**ABOUT THIS EXERCISE:** Every record below must come back exactly as written, with the images dropped.

**PROVIDED RECORDS:**
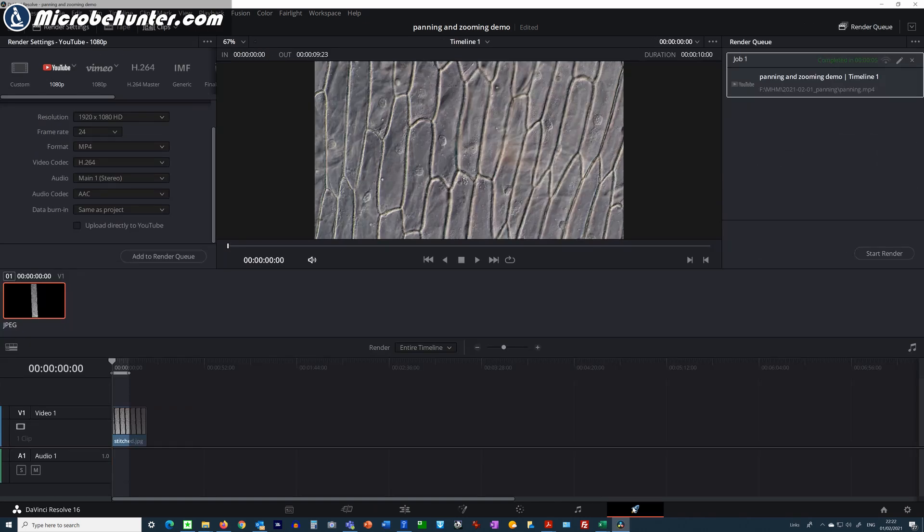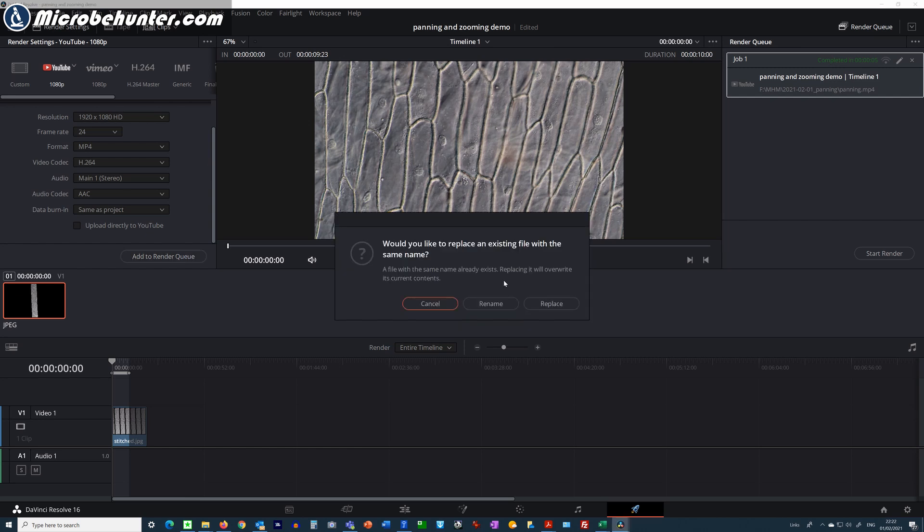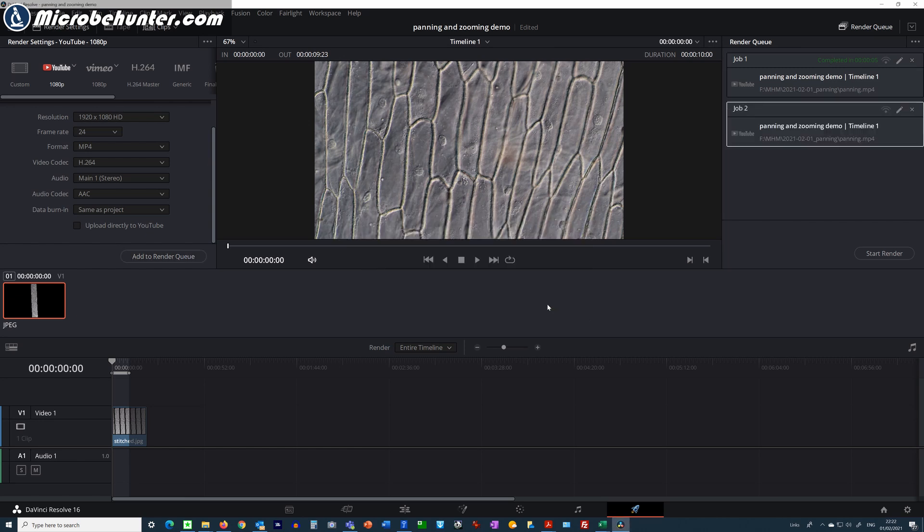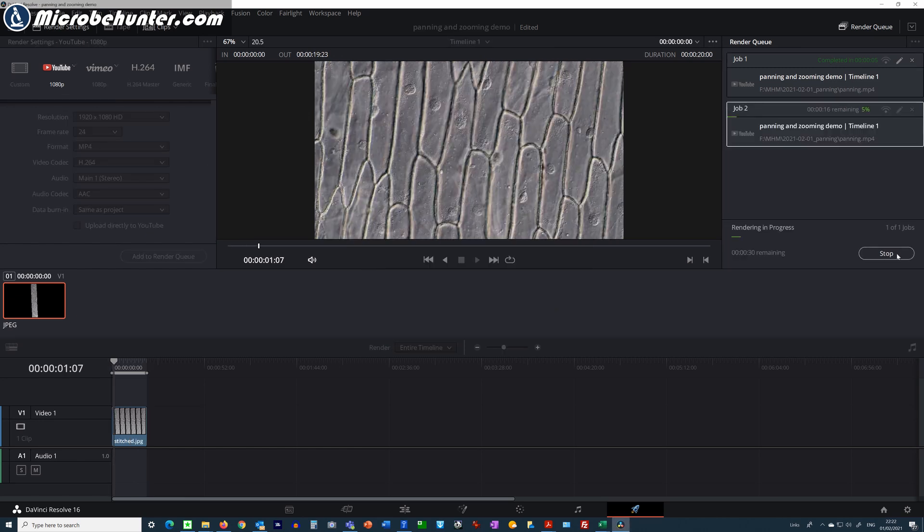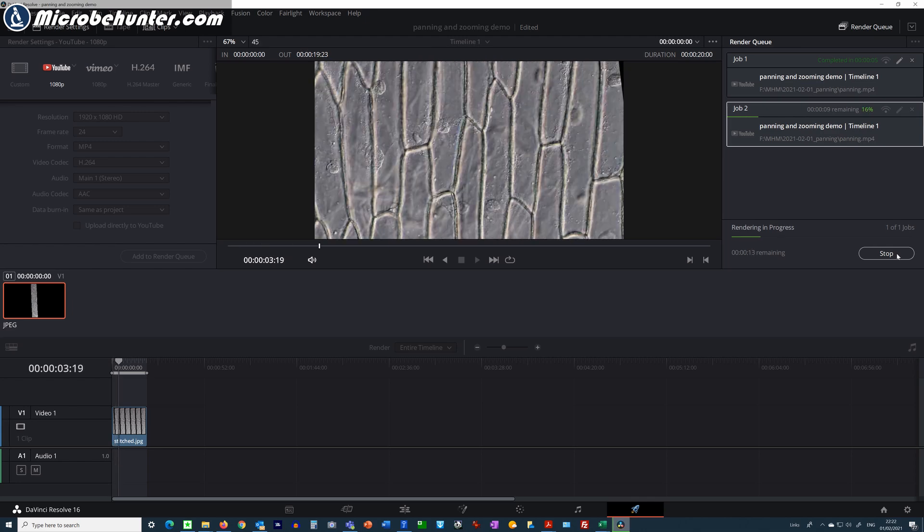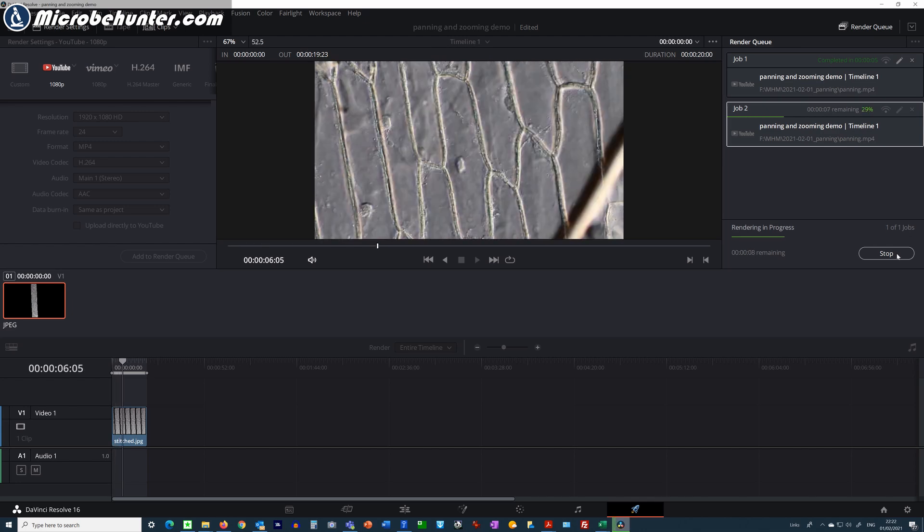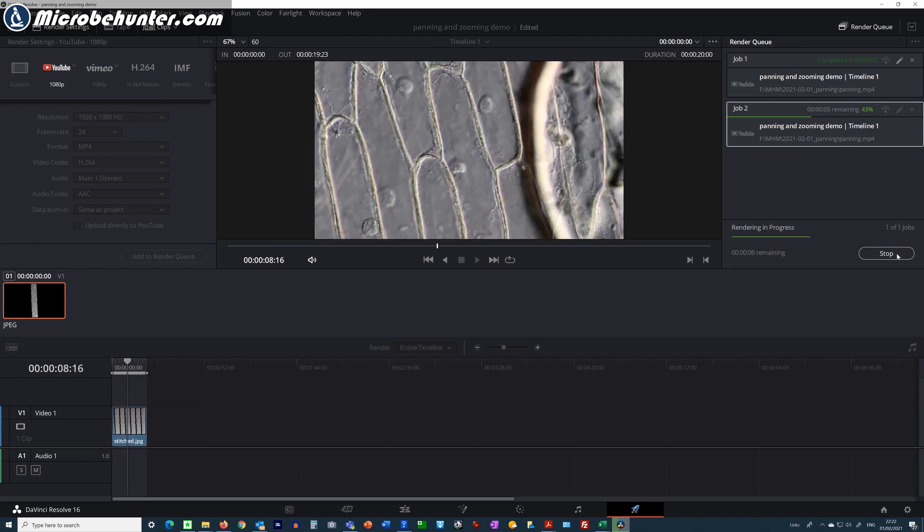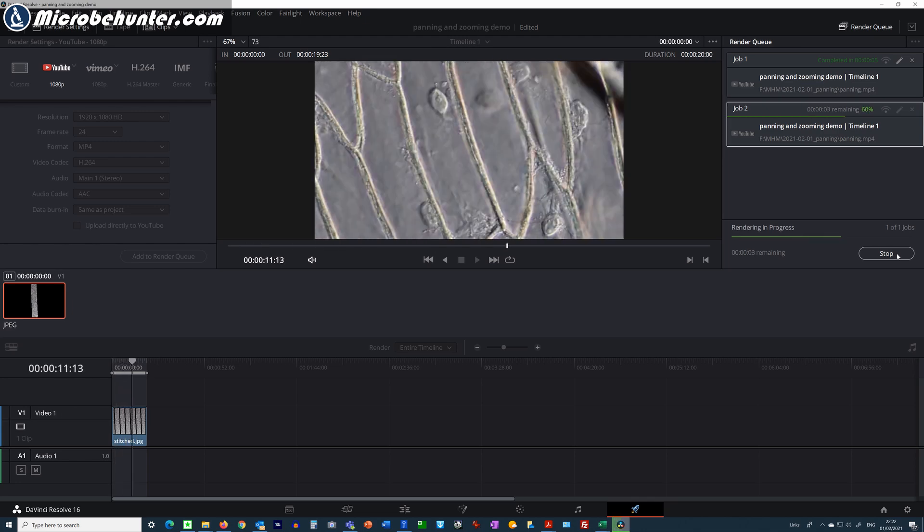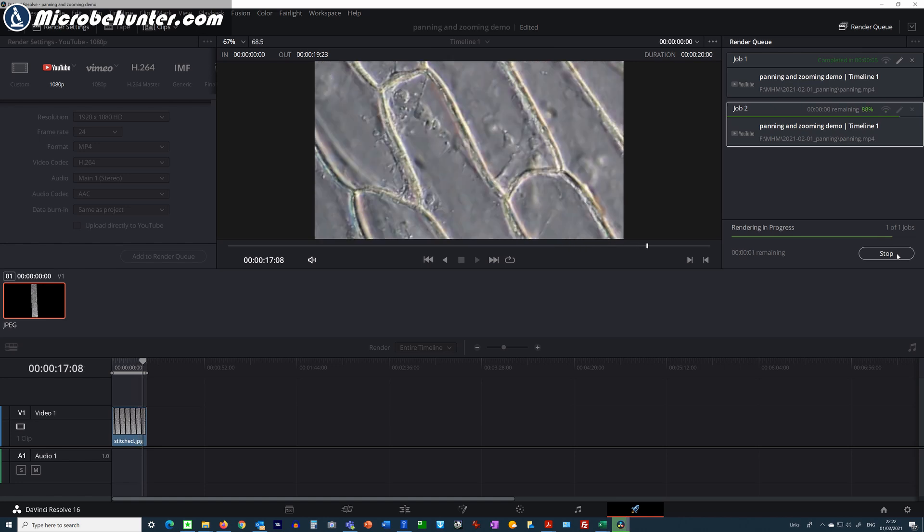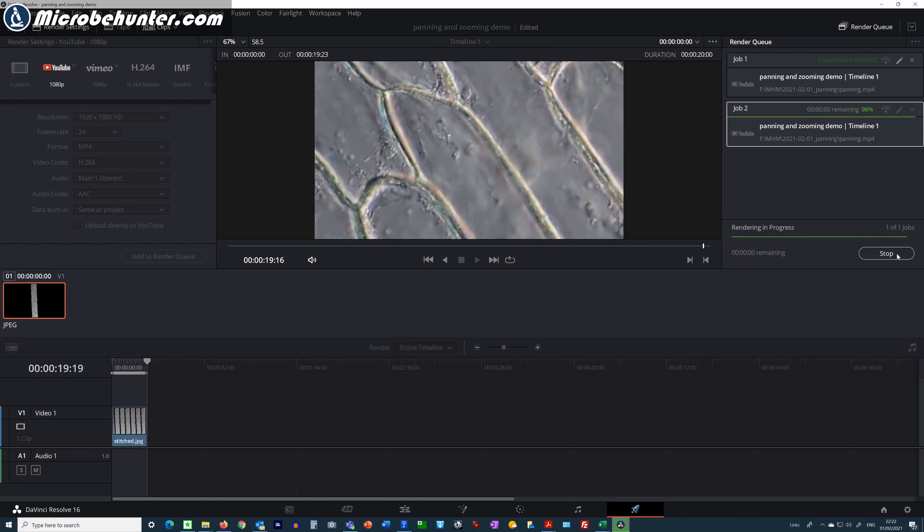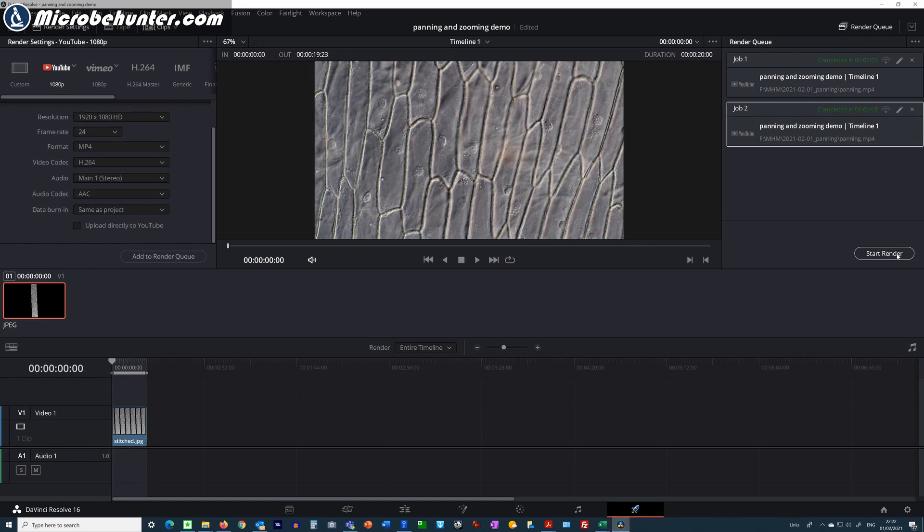These are of course effects that you cannot do just using your microscope alone because of course you do not have a continuous zoom in a microscope. This can really make also static images that you've taken with a microscope appear very interesting and maybe more engaging. So let's have a look how this looks like.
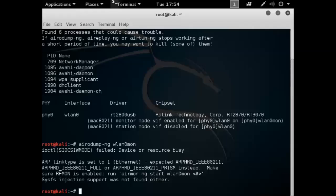It's just to bring it down. So you're just going to run these commands. I'll put it in the description box too. So you just go ifconfig wlan0mon down.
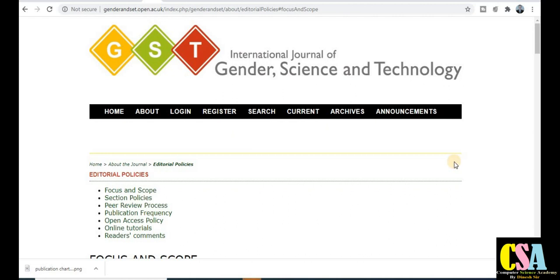Hello friends, thanks for clicking. I, Dr. Dinesh, welcome you all. This is a very special video for those candidates looking for UGC Care List journals or UGC recognized journals in all disciplines — especially for researchers who are going to submit their research for the award of their degree. Don't skip this video. You will get lots of useful information here.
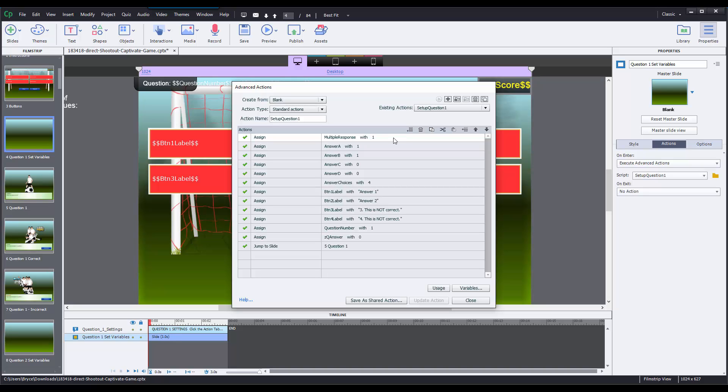Now right below that, there's four different actions that are firing. Answer A, answer B, answer C, and answer D. And this is where you change what the correct answers are for each game. If you want one of the answers to be correct, you'll change that to 1. If it's incorrect, you'll set it to 0.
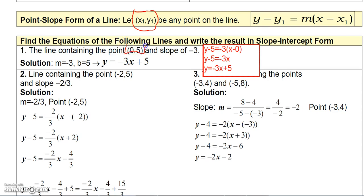If you realize that the point you're given is the y-intercept — (0, 5) is the y-intercept — then we know b equals 5 and we don't have to use the point-slope formula at all. We can go straight to y equals mx plus b. With slope m equals negative 3 and y-intercept b equals 5, we immediately get y equals negative 3x plus 5.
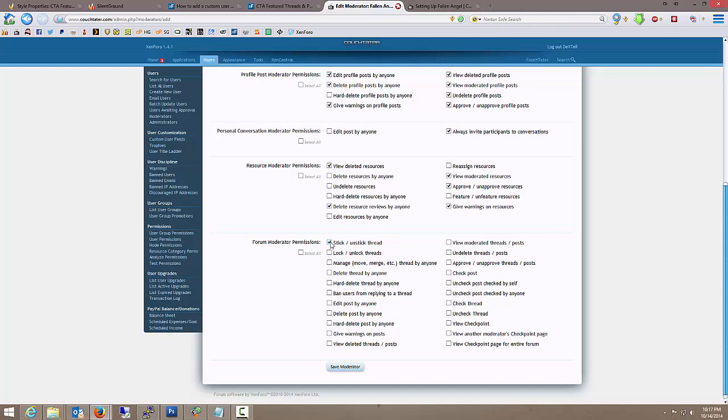Sure, they want to stick and unstick threads, lock and unlock threads. That's the same thing as close and unclose. Okay, manage threads by anyone so they can move them, merge them, so forth. Absolutely.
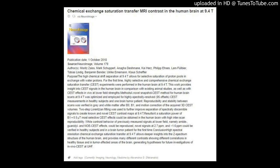Chemical Exchange Saturation Transfer MRI Contrast in the Human Brain at 9.4T. Via NeuroImage.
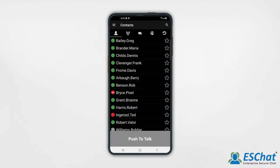Barge calls can be made from the contact list as either a private one-to-one call or a one-to-mini ad hoc call. Upon call connection, your initial voice burst will barge through to the recipient's phone.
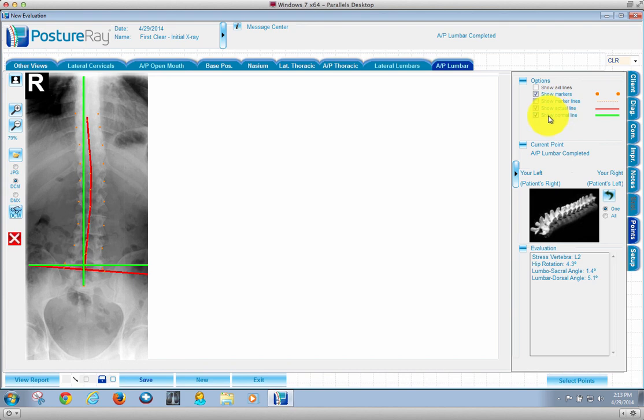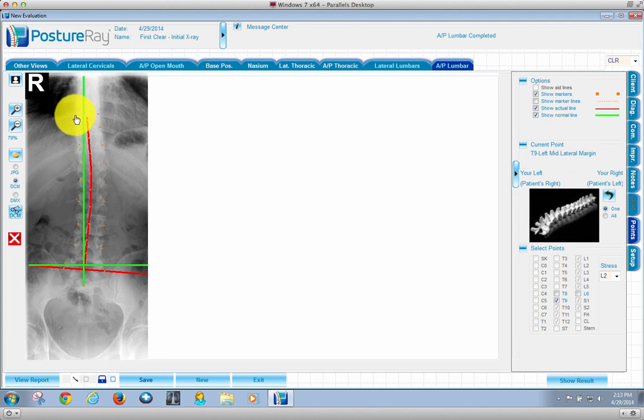So with that said, that is how to do the analysis of an AP lumbar non-scoliosis view in clear technique for PostureRay.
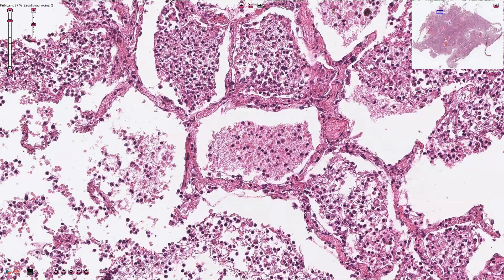This tissue is lung parenchyma. Here we have alveoli with inter-alveolar septi, and the inner surface of the alveoli is lined by pneumocytes.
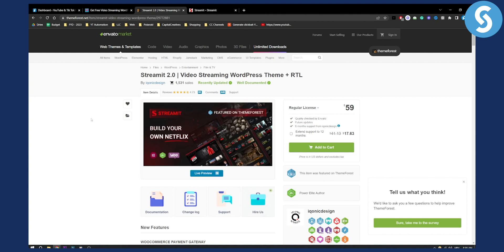So yeah, these are basically the best WordPress themes for movie websites. Obviously, the second one is premium, but if you have any questions or comments, comment down below and we'll see you in the next video.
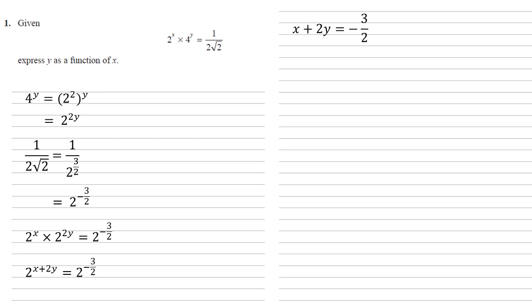x plus 2y is equal to negative 3 over 2. Subtracting x from both sides and dividing by 2 gives us that y is equal to minus x over 2 minus 3 quarters.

**YOUR RESPONSE:**
These are of course effects that you cannot do just using your microscope alone because of course you do not have a continuous zoom in a microscope. This can really make also static images that you've taken with a microscope appear very interesting and maybe more engaging. So let's have a look how this looks like.
It's just to bring it down. So you're just going to run these commands. I'll put it in the description box too. So you just go ifconfig wlan0mon down.
Hello friends, thanks for clicking. I, Dr. Dinesh, welcome you all. This is a very special video for those candidates looking for UGC Care List journals or UGC recognized journals in all disciplines — especially for researchers who are going to submit their research for the award of their degree. Don't skip this video. You will get lots of useful information here.
Now right below that, there's four different actions that are firing. Answer A, answer B, answer C, and answer D. And this is where you change what the correct answers are for each game. If you want one of the answers to be correct, you'll change that to 1. If it's incorrect, you'll set it to 0.
If you realize that the point you're given is the y-intercept — (0, 5) is the y-intercept — then we know b equals 5 and we don't have to use the point-slope formula at all. We can go straight to y equals mx plus b. With slope m equals negative 3 and y-intercept b equals 5, we immediately get y equals negative 3x plus 5.
Sure, they want to stick and unstick threads, lock and unlock threads. That's the same thing as close and unclose. Okay, manage threads by anyone so they can move them, merge them, so forth. Absolutely.
Chemical Exchange Saturation Transfer MRI Contrast in the Human Brain at 9.4T. Via NeuroImage.
Barge calls can be made from the contact list as either a private one-to-one call or a one-to-mini ad hoc call. Upon call connection, your initial voice burst will barge through to the recipient's phone.
So with that said, that is how to do the analysis of an AP lumbar non-scoliosis view in clear technique for PostureRay.
This tissue is lung parenchyma. Here we have alveoli with inter-alveolar septi, and the inner surface of the alveoli is lined by pneumocytes.
So yeah, these are basically the best WordPress themes for movie websites. Obviously, the second one is premium, but if you have any questions or comments, comment down below and we'll see you in the next video.
x plus 2y is equal to negative 3 over 2. Subtracting x from both sides and dividing by 2 gives us that y is equal to minus x over 2 minus 3 quarters.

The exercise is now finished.